Tuduhan jaksa yang mengatakan mereka telah memimpin pembunuhan terhadap
warga Kelurahan Moengko Baru, Kelurahan Kayamanya, dan Desa Sintuwulemba,
Poso, tidak pernah terbukti di persidangan. Namun, hukuman mati tetap dijatuhkan.
"Semua orang tahu bahwa sidang yang kami jalani berada di bawah tekanan massa.
Setiap sidang ada ribuan orang yang berteriak-teriak meminta agar kami dihukum
mati. Melihat massa yang begitu banyak, jaksa dan hakim mungkin tidak mau mati
konyol," kata Tibo.
Bila mengingat-ingat kejadian itu, Tibo Cs mengaku tidak enak hati, emosi, dan
tertekan. Namun, perasaan itu selalu mereka bawa dalam doa. "Kalau sudah berdoa,
kami merasa tenang dan pasrah," ujar Tibo.
Kebiasaan Tibo berdoa juga disampaikan sejumlah narapidana lainnya, di antaranya
Harun Daniel (25), teman sekamar Tibo. Menurut dia, selain secara pribadi, Tibo
selalu mengajak narapidana lainnya berdoa bersama-sama.
Tibo yang kerap dipanggil Opa itu juga selalu membujuk narapidana yang malas
mengikuti ibadah di LP. Bahkan, bagi narapidana yang memiliki keyakinan berbeda,
Tibo Cs juga menjadi panutan.
Sebelum mendekam di LP Palu, Tibo dan Dominggus Da Silva yang tidak tamat
sekolah dasar (SD) itu tidak bisa membaca dan menulis.

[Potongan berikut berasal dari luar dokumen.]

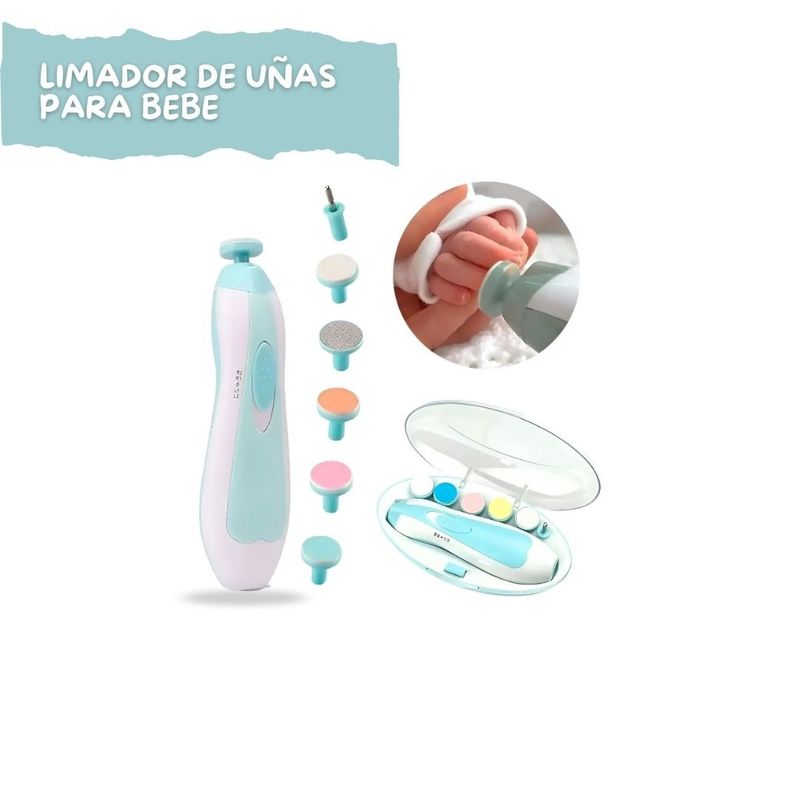GENERICO - Limador de Uñas Eléctrica Bebés Celeste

Dengan tekun mereka
mengikuti Program Kejar Paket A di LP Palu dan setelah enam bulan sudah bisa
membaca dan sedikit menulis. Adapun Marinus yang tamat SD ikut Program Kejar
Paket B.
Walau tidak tamat SD, Tibo dan Dominggus memiliki keterampilan yang tidak dimiliki
penghuni LP lainnya. Tibo terampil membuat berbagai barang kerajinan dari rotan,
sementara Dominggus ahli membuat berbagai jenis patung dari serbuk kayu yang
dicampur lem.
Keahlian Tibo dan Dominggus ini sudah diwariskan kepada puluhan penghuni LP
lainnya. Ribuan barang kerajinan sudah dihasilkan dan dijual kepada pengunjung LP,
ke pasar-pasar, atau pedagang kerajinan keliling dengan harga bervariasi. Sekitar 30
persen hasil penjualan diberikan kepada narapidana, sisanya untuk membeli bahan
baku dan disetor ke kas LP Palu.
Sampai akhir Maret lalu, Tibo masih membimbing enam narapidana, termasuk
Marinus, dalam membuat anyaman. Sedangkan kegiatan mematung yang
dikomandani Dominggus sudah dua bulan terakhir tak berjalan karena kehabisan
bahan baku.
"Kalau mau, sediakan saja bahan bakunya. Nanti, terserah mau minta dibuatin
patung apa, guci, asbak, harimau, atau ular. Gajah pun bisa," kata Dominggus sambil
tersenyum.
Di LP Palu, selain sebagai seorang opa yang bijaksana, Tibo juga dikenal memiliki
kemampuan mengobati berbagai macam penyakit. Sejak tahun 2000 tercatat sekitar
800 orang datang ke LP Palu untuk berobat pada Tibo. Sebagian besar di antaranya
tidak lagi tertolong secara medis.
Tibo pantang menerima apa pun dari orang-orang yang berobat kepadanya. Tibo
hanya meminta mereka yang berobat untuk selalu berdoa dan meninggalkan
sifat-sifat yang tidak baik. "Sifat-sifat tidak baik dari orang yang berobat itu saya
ketahui setelah saya berdoa," katanya.
Olah raga
Hari-hari Tibo Cs bersama 297 narapidana lainnya di LP Palu juga diisi dengan
berolahraga. Dalam bidang ini, Tibo "kalah" dari kedua rekannya karena ia tidak mahir
bermain olahraga apa pun. Sedangkan Dominggus mengaku pintar bermain catur, dan
Marinus bermain sepak bola.
Namun, dalam beberapa kali pertandingan terakhir antara narapidana dan petugas LP,
Marinus tidak diikutsertakan. Pria bertubuh kekar itu pernah melakukan pelanggaran
keras sehingga dikenakan kartu merah.
"Om Marinus ini sebenarnya jago kalau jadi bek. Tetapi dia suka sekali menjagal kaki
lawan," kata Kepala Kesatuan Pengamanan LP Palu J Tangkudung yang disambut
Marinus dengan tertawa.
Selain semua aktivitas di atas, hari-hari Tibo Cs belakangan ini juga disibukkan
dengan menerima kunjungan keluarga, wartawan, rohaniawan, penasihat hukum, dan
kalangan lainnya.
Dari semuanya itu, yang paling berkesan bagi Tibo Cs adalah kunjungan Uskup
Manado Mgr Josef Suwatan yang membawa pesan khusus dari Pemimpin Tertinggi
Umat Katolik Sedunia Paus Benediktus XVI.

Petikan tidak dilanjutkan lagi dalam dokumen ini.